Cacti (home)ForumsDocumentation
Cacti: offical forums and support
It is currently Sun May 26, 2019 4:13 am

All times are UTC - 5 hours




Post new topic Reply to topic  [ 9 posts ] 
Author Message
 Post subject: Trying to figure out proper polling settings for this server
PostPosted: Sun Feb 17, 2019 1:19 pm 
Offline
Cacti User

Joined: Tue Mar 31, 2009 10:05 am
Posts: 278
We are using Cacti/Spine 1.2.1 on a server with 24 cores and 140 GB of RAM.

We keep getting the occasional "POLLER: Poller[1] WARNING: There are '1' detected as overrunning a polling cycle, please investigate" and "POLLER: Poller[1] WARNING: Poller Output Table not Empty" messages. We have Boost configured and sometimes see "BOOST SVR WARNING: Detected Poller Boost Overrun, Possible Boost Poller Crash". The device in the image attached "bsianc-st-web-train" has a poll time of 0.17, current poll time of 4.23, and average of 3.42. SNMP timeout is set to 3000 ms and I guess we could increase that to 5000 ms to accommodate the occasional longer run time but it seems like doing that for all systems with issues will just cause more of a slowdown overall.

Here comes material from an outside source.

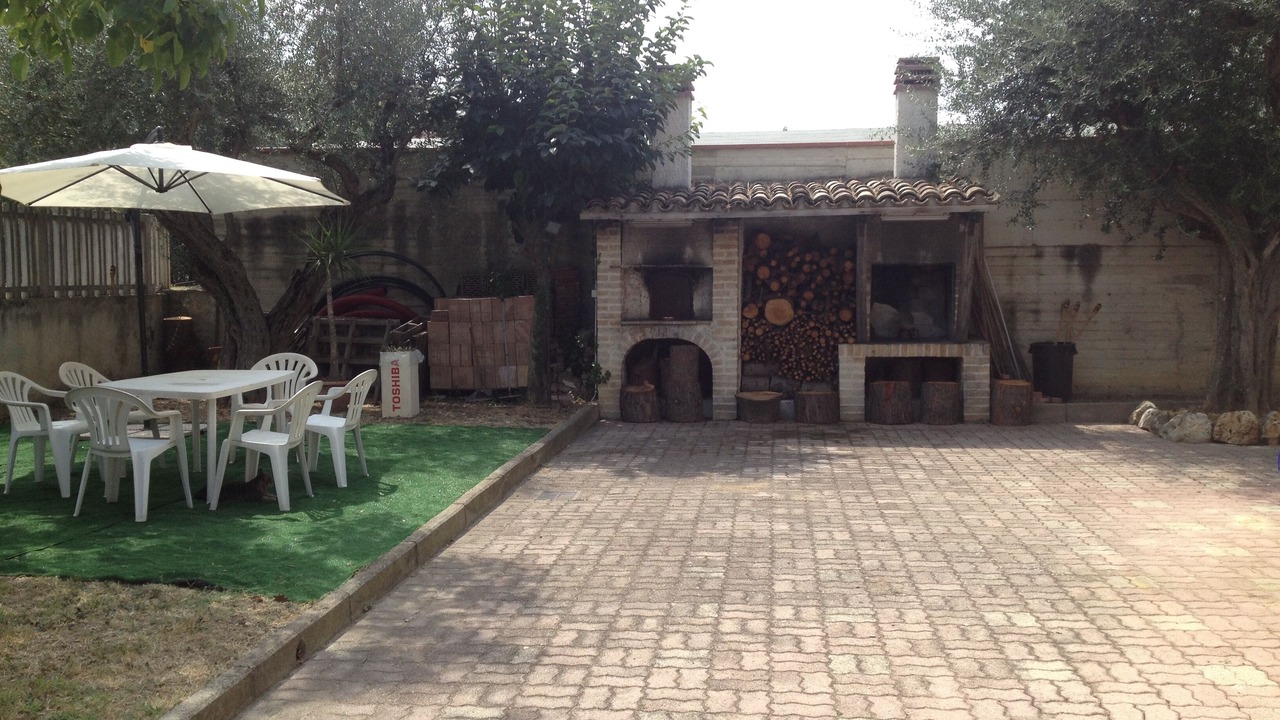 Photo of Outdoor in Montesilvano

The server is currently set to use 6 processes and 32 threads, but no amount of adjusting those numbers (more processes/fewer threads, more processes/more threads) the messages keep popping up with the holes in graphs. One thing I had read said use 1-2 times the number of CPUs for process, but 24 processes and 10 threads drove the load average and CPU usage so high that the server crashed. Based on the performance settings shown in the attached, is there something there that we should change?

Attachment:
gaps.png
gaps.png [ 105.21 KiB | Viewed 133 times ]

Attachment:
load.png
load.png [ 114.66 KiB | Viewed 133 times ]

Attachment:
boost.png
boost.png [ 98.62 KiB | Viewed 133 times ]


Top
 Profile  
 
 Post subject: Re: Trying to figure out proper polling settings for this se
PostPosted: Tue Feb 26, 2019 9:01 am 
Offline
Cacti User

Joined: Tue Mar 31, 2009 10:05 am
Posts: 278
Utilization and load average keep increasing over time on this server to the point where it has to be rebooted or it locks up.

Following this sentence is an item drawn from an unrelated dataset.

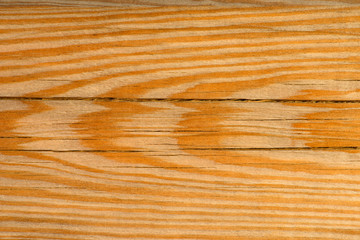full frame image of brown wooden background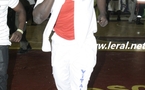 Balla Gaye 2 is back!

Cacti is the only thing running on this server and I would expect utilization/load to stay level since we aren't adding any new systems to monitor. Any ideas as to what I can look into to try and pinpoint the cause?

We had to reboot it last night and are going to have to do the same thing again.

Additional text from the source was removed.